Key research themes
1. How do viscous effects and surface geometry influence flow patterns and energy dissipation in free-surface viscous flows past obstacles?
This theme focuses on the interaction between viscous free-surface flows and immobile obstructions, particularly cylinders and barriers, accounting for fluid properties, obstacle shape, and surface effects. Understanding flow structure such as pond formation, dry regions, vortex shedding, and forces on obstacles is critical for engineering applications like lava flow diversion, coastal and hydraulic engineering, and barrier design.
2. What are the mechanisms and energy pathways governing viscous dissipation and free surface oscillations in turbulent and breaking free-surface flows?

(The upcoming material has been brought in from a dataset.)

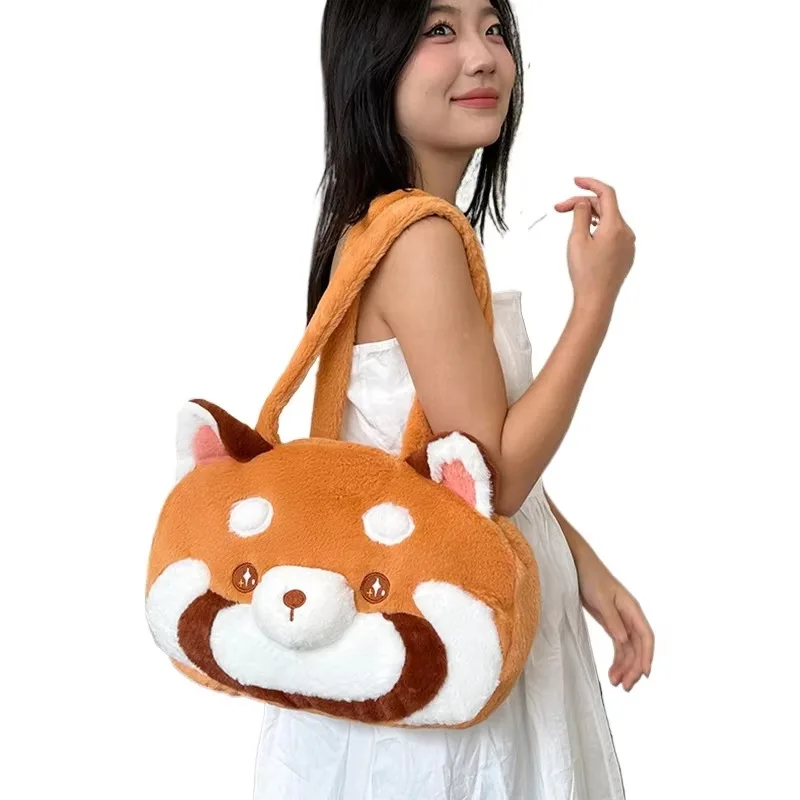 Sac à dos en peluche panda roux, adorable sac bandoulière – Image 4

This theme investigates the physical origins and mathematical characterization of energy dissipation in turbulent free-surface flows, including wave breaking, turbulence-induced oscillations, and complex surface deformations. Insights into the partitioning of viscous dissipation into enstrophy and surface deformation components, coupled with models for oscillons and spatial correlation patterns, enable improved understanding of flow structure and energy transfer in natural and engineered shallow turbulent flows.
3. How can numerical and experimental approaches be combined to advance modeling of free surface flows and their interaction with structures under realistic boundary and flow conditions?
This theme covers numerical method development, including novel boundary conditions, meshfree algorithms, and fluid-structure interaction schemes, validated by detailed laboratory experiments for free-surface flows. It addresses challenges such as non-reflective boundary treatment, coupled moving solids, and advanced turbulence modeling, enabling robust and accurate simulations of complex flow-structure systems critical to environmental, civil, and hydraulic engineering applications.